Per quanto i comitati etici per la ricerca abbiano svolto una supervisione degli studi clinici realizzati negli ultimi venti anni, gli interrogativi sulla loro struttura, sul loro ruolo e sui loro obiettivi sono tuttora oggetto di dibattito ma non di consensus.
 
Un workshop sull’argomento, centrato su una prospettiva europea, ha rivelato l’esistenza di differenze tra nazione e nazione su molti aspetti, dalla garanzia di indipendenza alla competenza dei membri, dal meccanismo per ottenere i fondi ai livelli di trasparenza. In quanto responsabili della dignità dei soggetti della ricerca, i comitati devono mantenere la loro autonomia rispetto agli sponsor, ai ricercatori, agli istituti, alle autorità regolatorie e anche rispetto agli stessi comitati etici centrali (regionali e locali). Tale indipendenza dipende dal metodo di nomina, dalla qualificazione e dalla formazione dei membri. Alcuni considerano l’approccio volontario come una garanzia, altri propendono per una maggior professionalità, come metodo selettivo. Ma l’indipendenza potrebbe anche essere compromessa dalle strette relazioni tra i comitati locali e i ricercatori e gli sponsor locali; gli stessi comitati istituzionali sono molto vicini ai ricercatori e l’indipendenza deve essere garantita dalla supervisione. Per contrasto, i comitati regionali godono di un distacco più forte dagli autori ma possono essere influenzati dall’autorità che li ha nominati.
Sebbene alcuni considerino la composizione dei comitati non sufficientemente stabilita dalla direttiva degli studi clinici europei, sta emergendo un certo consenso in questa direzione.

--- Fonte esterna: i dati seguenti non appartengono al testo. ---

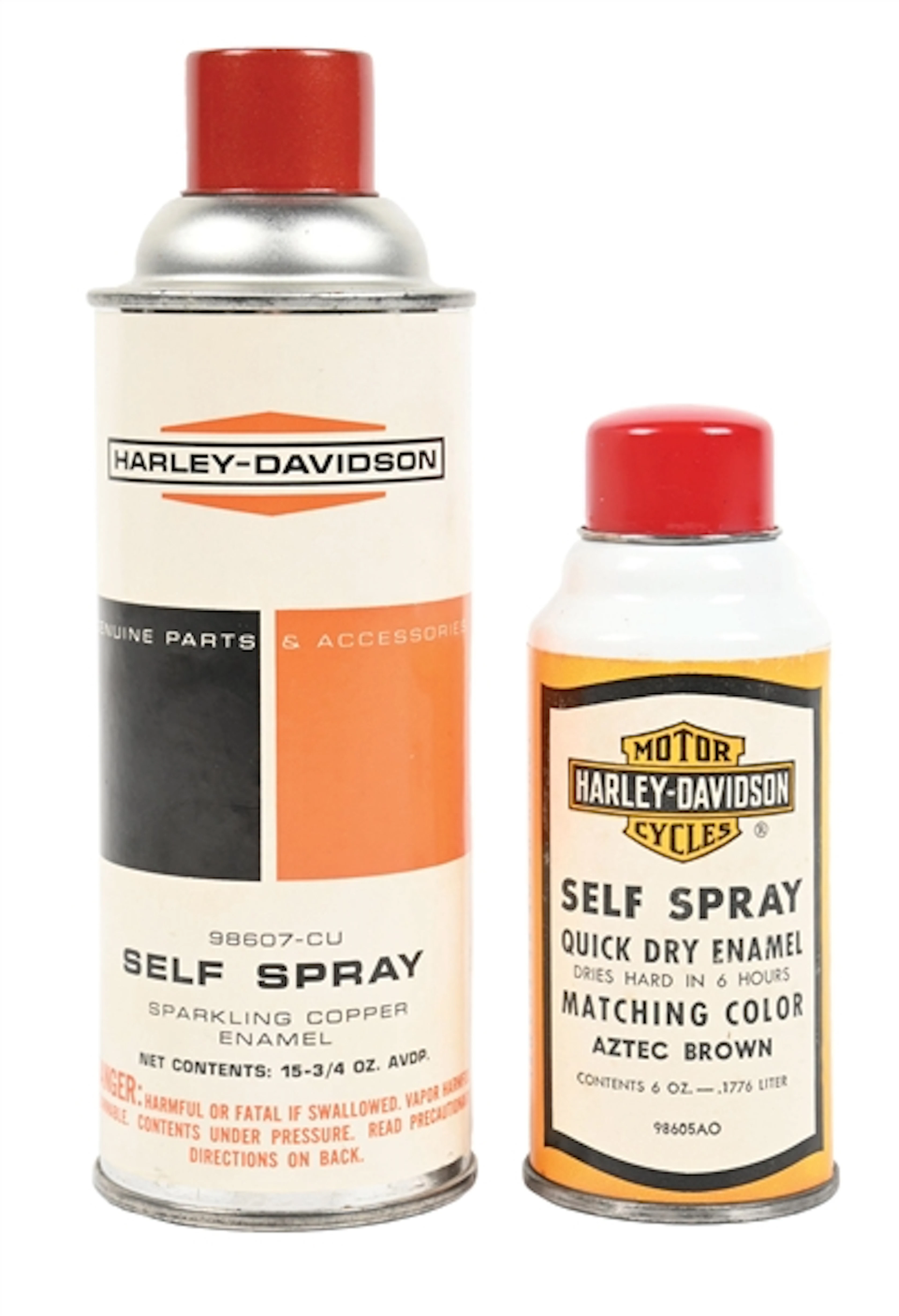 COLLECTION OF 2: HARLEY DAVIDSON MOTORCYCLES SELF SPRAY CANS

L’ampia partecipazione ai comitati etici di ricerca comporta da una parte il vantaggio di sostenere l’indipendenza dall’altra la possibilità di una rosa di esperti per affrontare domande sempre più sofisticate.
 
Il dibattito prosegue anche sulle modalità di finanziamento dei comitati etici di ricerca, sulla sua adeguatezza e da dove ottenere le risorse. E’ stato suggerito che il pagamento dei comitati raggiungesse i 2500 euro per ogni trial supervisionato. In molti però hanno visto un rischio per l’imparzialità se ci fossero pagamenti diretti dal cliente ai comitati. Sarebbe significativo che il pagamento venisse da parte dello stato dal momento che è proprio lo stato a richiedere il servizio. Inoltre, la supervisione dei trial clinici non solo richiede una valutazione generale, ha  sempre avuto bisogno di cambiamenti in tempi rapidi spesso difficili da ottenere. I comitati hanno bisogno di un supporto amministrativo per poter andare incontro alle loro nuove mansioni. E anche laddove i nuovi sistemi erano stati predisposti dallo stato, c’erano spesso seri problemi nell’ottenere risorse sufficienti a rendere funzionale il sistema. E’ stato suggerito che lo stato – e anche gli stessi ricercatori – potrebbero vedersi delegare più responsabilità di quanto dovrebbero avere sulle loro spalle. Un rischio che potrebbe essere un forte disincentivo al reclutamento dei comitati etici.
 
Facilitare la comunicazione tra i comitati è un modo per abbattere l’opacità e mancanza di mutua confidenza verso un sistema tipo “peer review”. Il coinvolgimento di esperti esterni al comitato è spesso necessario, ma con rischi potenziali associati alla confidenzialità e sicurezza dei dati. Le divergenze di opinioni potrebbero creare confusione tra ricercatori e sponsor, aumentando il rischio di azioni legali contro i comitati o le autorità nazionali. Il dialogo va reso migliore anche verso le industrie farmaceutiche con una certa cautela in particolare rispetto a regali, gratificazioni o altre forme di finanziamento. Dal momento che la maggior parte degli studi sono commercialmente sponsorizzati, l’interesse finanziario è spesso legato all’influenza che si può esercitare sul progetto e sulla pianificazione dello studio. Bisognerà migliorare anche la comunicazione con i ricercatori sfruttando anche le potenzialità di Internet.
 
Ci si interroga, infine, anche sull’obiettivo della supervisione etica. Per esempio se deve coprire solo trials di intervento con farmaci, tutti i trials con farmaci o anche gli altri? E con quali costi? E’ anche vero che gli studi clinici con farmaci non sono più gli unici ad avere il monopolio della discussione sull’etica: anche gli ingegneri, al giorno d’oggi conducono verifiche etiche sui nuovi progetti.